> **WHAT IS NEEDED**
An exact copy of the data is required. No picture may appear in it.

> **EXERCISE DATA**
____

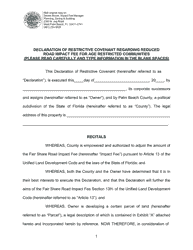 Document preview: Declaration of Restrictive Covenant Regarding Reduced Road Impact Fee for Age Restricted Communities - Palm Beach County, Florida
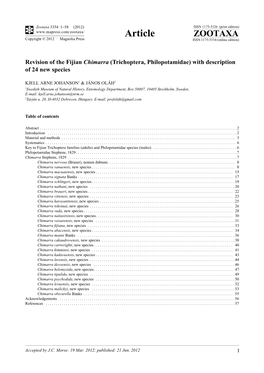 Revision of the Fijian Chimarra (Trichoptera, Philopotamidae) with Description of 24 New Species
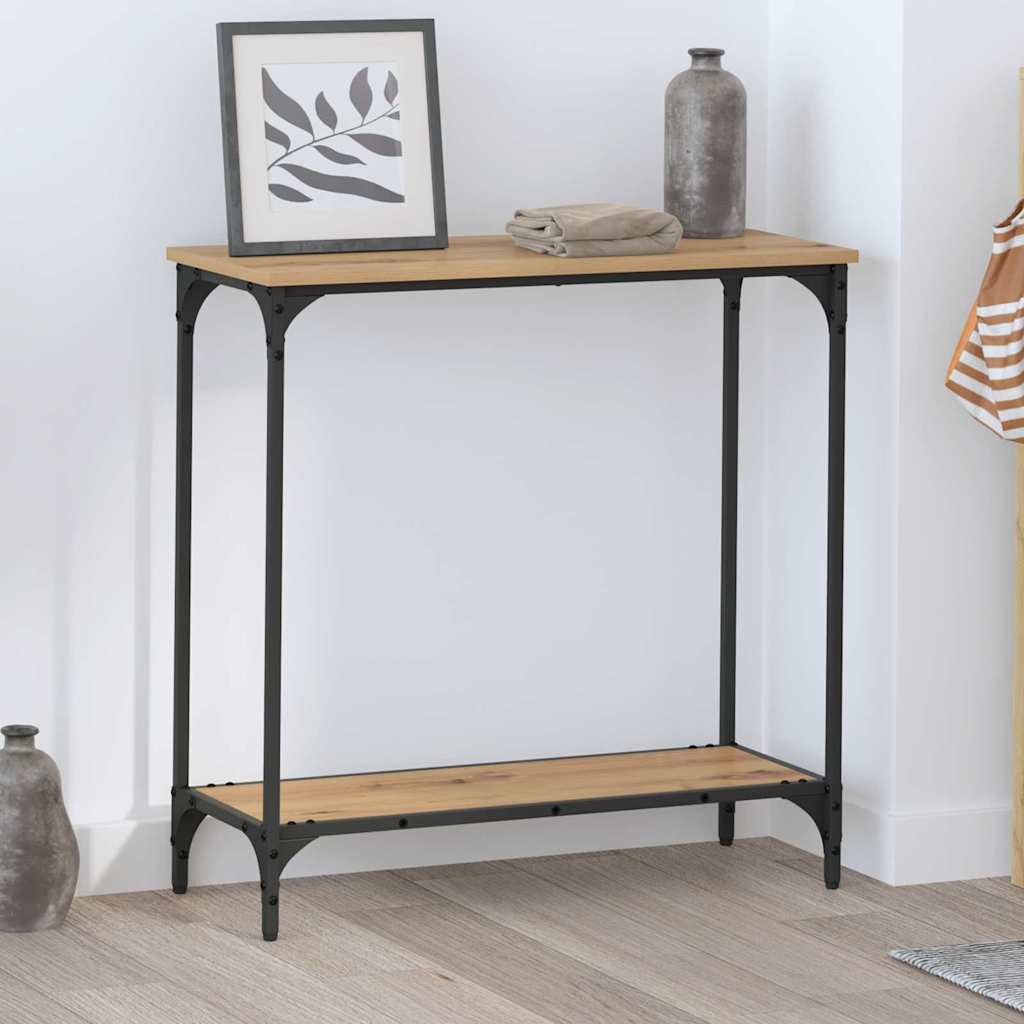 Tavolo consolle rovere artigianale 75 x 30.5 x 75 cm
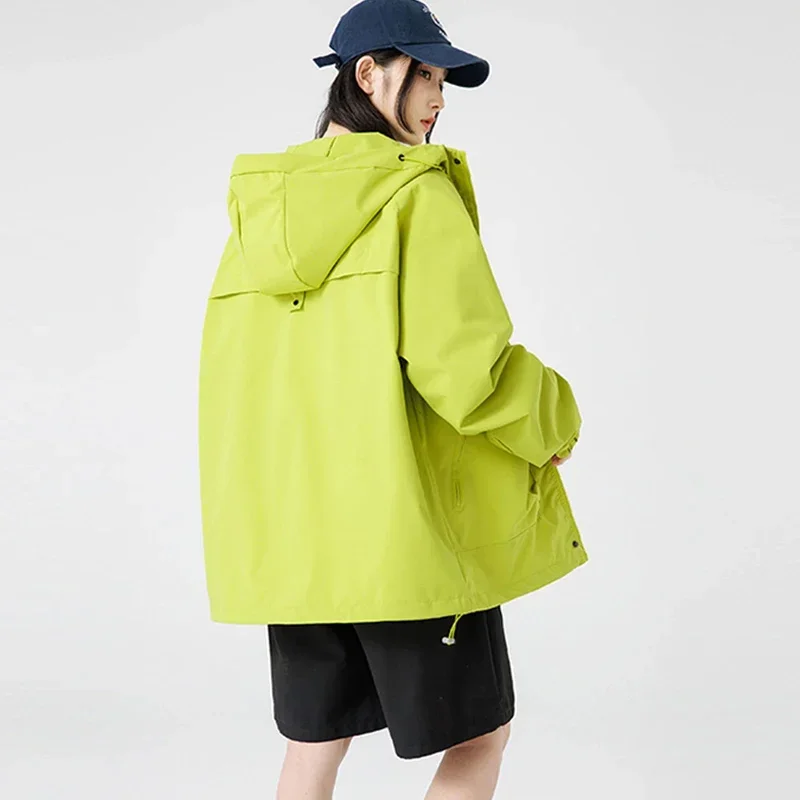 Hooded Waterproof Windbreaker Jackets Women Autumn Cargo Jacket Outdoor Unisex Tactical Coats Windproof Hiking Camping Outerwear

____

> **RESULT OF THIS EXERCISE**
 Document preview: Declaration of Restrictive Covenant Regarding Reduced Road Impact Fee for Age Restricted Communities - Palm Beach County, Florida
 Revision of the Fijian Chimarra (Trichoptera, Philopotamidae) with Description of 24 New Species
 Tavolo consolle rovere artigianale 75 x 30.5 x 75 cm
 Hooded Waterproof Windbreaker Jackets Women Autumn Cargo Jacket Outdoor Unisex Tactical Coats Windproof Hiking Camping Outerwear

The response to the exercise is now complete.